I don’t know how I spaced on the fact that the Emmys were on last night but I did and became even more disappointed in my inability to keep up with the world as I scrolled through my timeline to catch up.
Not only did I miss out on Andy Samberg hosting (love him) but I missed so many yummy black girl moments. VIOLA DAVIS! Thank you for your words.
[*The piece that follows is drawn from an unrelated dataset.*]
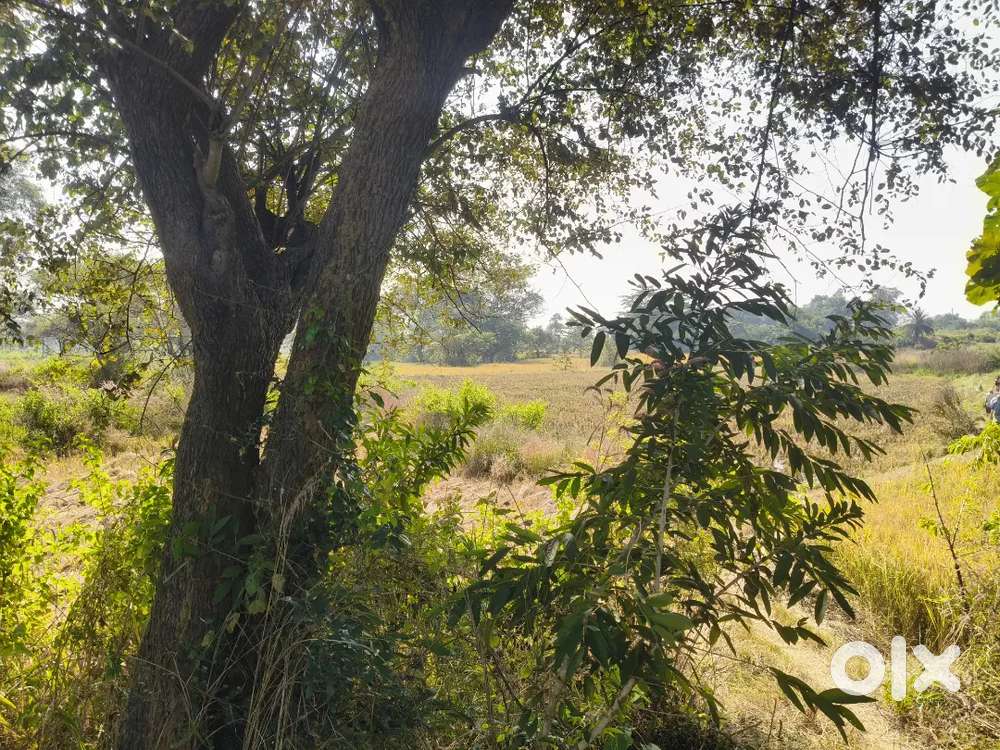 I need to seal the land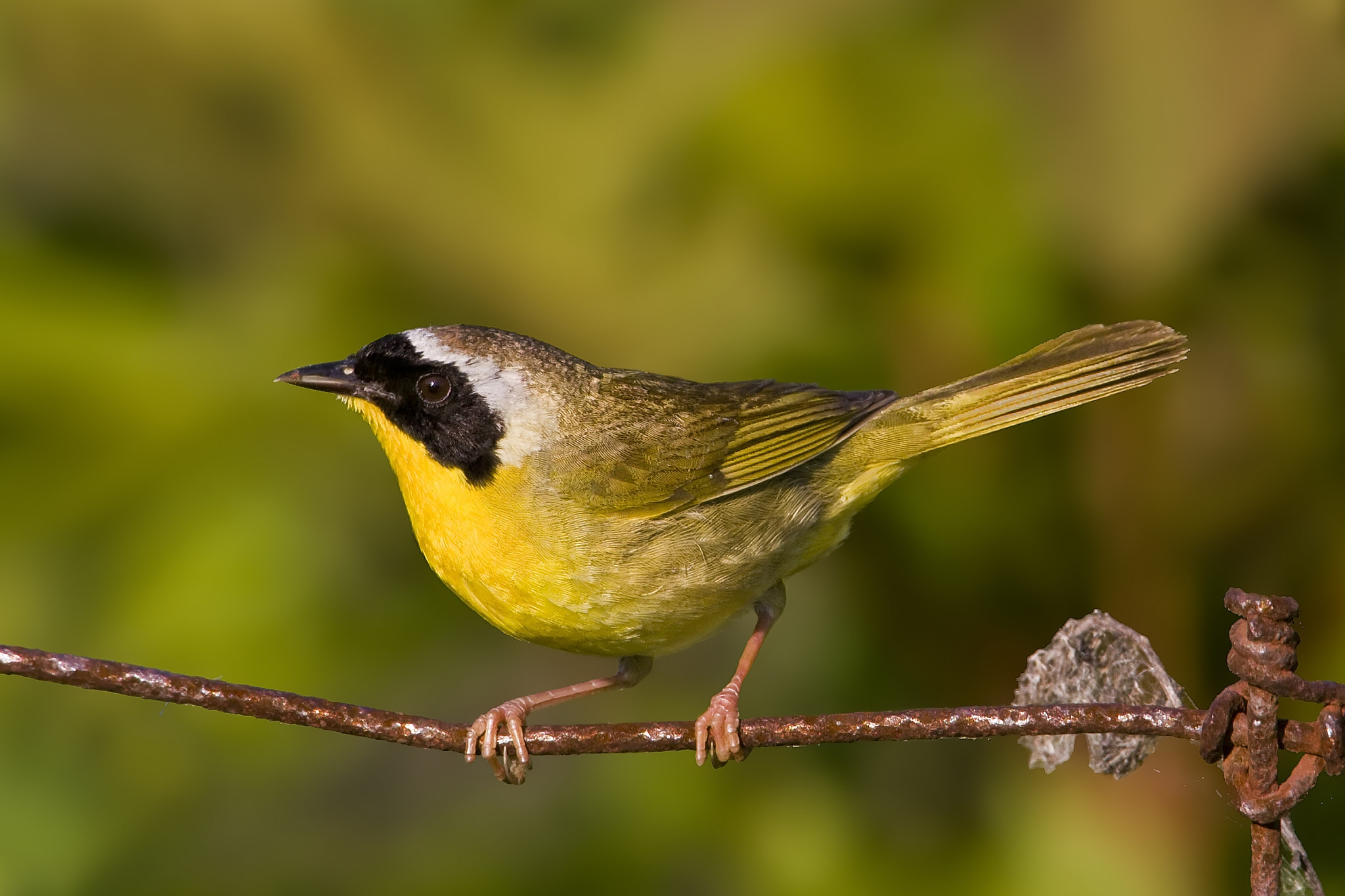Canon EF 500mm F4L IS USM sample photo. Common yellowthroat warbler photography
Especially one word: opportunity.
Stuffing my face with leftover popcorn from the theatre I continued to scroll through my feed and feel sorry for myself…next year I’ll put a reminder in my calendar for this.
I continued to scroll.
AGH WHAT IS THIS TRIAD OF CHOCOLATE GOODNESS!!!!?
I had stumbled upon a thumbnail of Kerry Washington, Mary J. Blidge and Taraji. P. Henson hanging out. Having girl time. Having the time of their life.
WAIT I WANT TO HAVE THE TIME OF MY LIFE TOO!
My finger couldn’t reach the trackpad to move the mouse to click the link fast enough.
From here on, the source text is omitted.